MYSLIVEČEK Adamo ed Eve
An almost exact contemporary of Haydn, the Czech composer Josef Mysliveček was a significant figure in the development of the Classical style. But despite a healthy recording catalogue, he is best remembered today as Mozart’s promiscuous friend (mentioned frequently in the composer’s letters), who would eventually lose his nose to syphilis. Can this new account of Mysliveček’s 1771 oratorio do anything to shift this unfortunate focus back on to the music?

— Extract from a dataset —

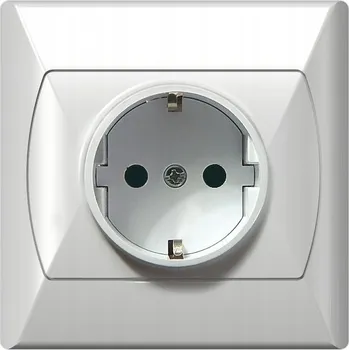 Elektrická zásuvka Ospel Elektrická Zásuvka zásuvka bílá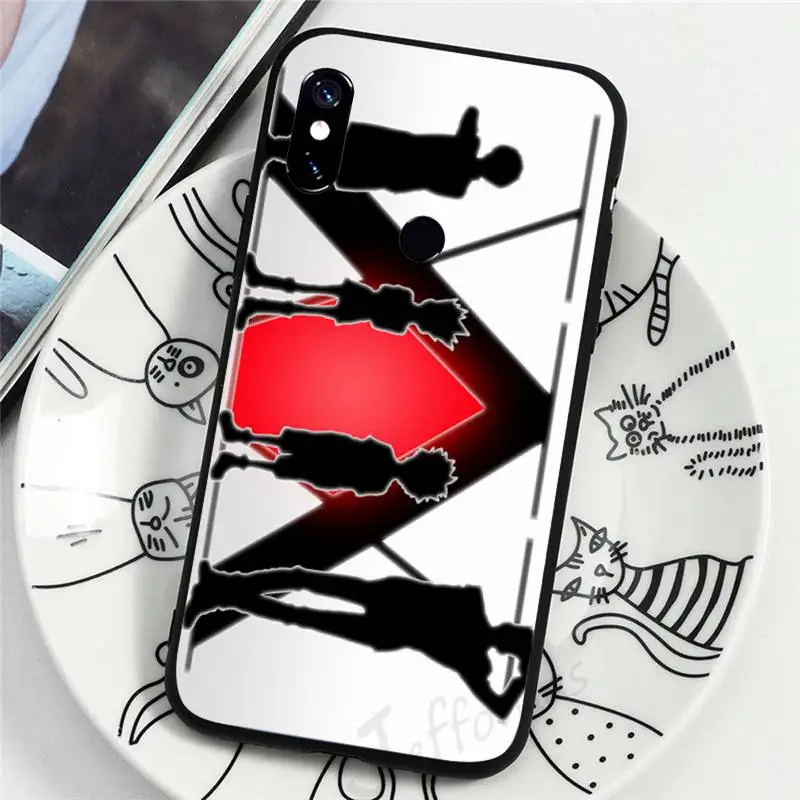 

Anime Hunter x Hunters Black art Phone Case For Xiaomi Redmi note 7 8 9 t k30 max3 9 s 10 pro lite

Yes and no. Period band Il Gardellino are bright and pungent under director Peter Van Heyghen. Bassoons grunt and chuckle with plenty of husky character, and two trumpets and a horn add brilliance and stature. Strings are crisp and businesslike, propelling us into the action in a breathless, larky and unashamedly operatic overture. The pace slows a bit with the arrival of the voices. The oratorio opens in the immediate aftermath of the Fall, exploring the emotional reactions of a sulky Adam (not above throwing blame Eve’s way) and a more abashed Eve. Two angels – of Mercy and Justice – serve as guides, judges and interrogators.
Giovanni Granelli’s libretto is hard going, interested more in theological nitty-gritty than emotion, but the music has little patience with such academic sobriety, ignoring it in a sequence of attractive, often virtuoso arias. If Mysliveček lacks the emotional range of his younger friend Mozart, he makes up for it with plenty of colour and easy melodies.
The voices here almost all share a slightly pushed quality, which lends a little strain to music that demands the generous spin and tonal breadth of opera rather than more contained, baroque delivery. Tenor Valerio Contaldo makes a swaggering Adam but tends to bleat at moments of highest intensity. Luciana Mancini is balm to his fire – a lovely, smooth mezzo, albeit sometimes a little stern of tone. Roberta Mameli’s Angel of Justice is more expressively extrovert and occasionally runs a little wild in coloratura but Alice Rossi’s Angel of Mercy is supple and silky – a softening influence in the lovely duet ‘Non e crudel rigore’ with Mameli.
An attractive work, if Adamo ed Eva doesn’t quite banish memories of Mysliveček’s more secular pursuits, it adds a welcome new spiritual dimension to man and musician.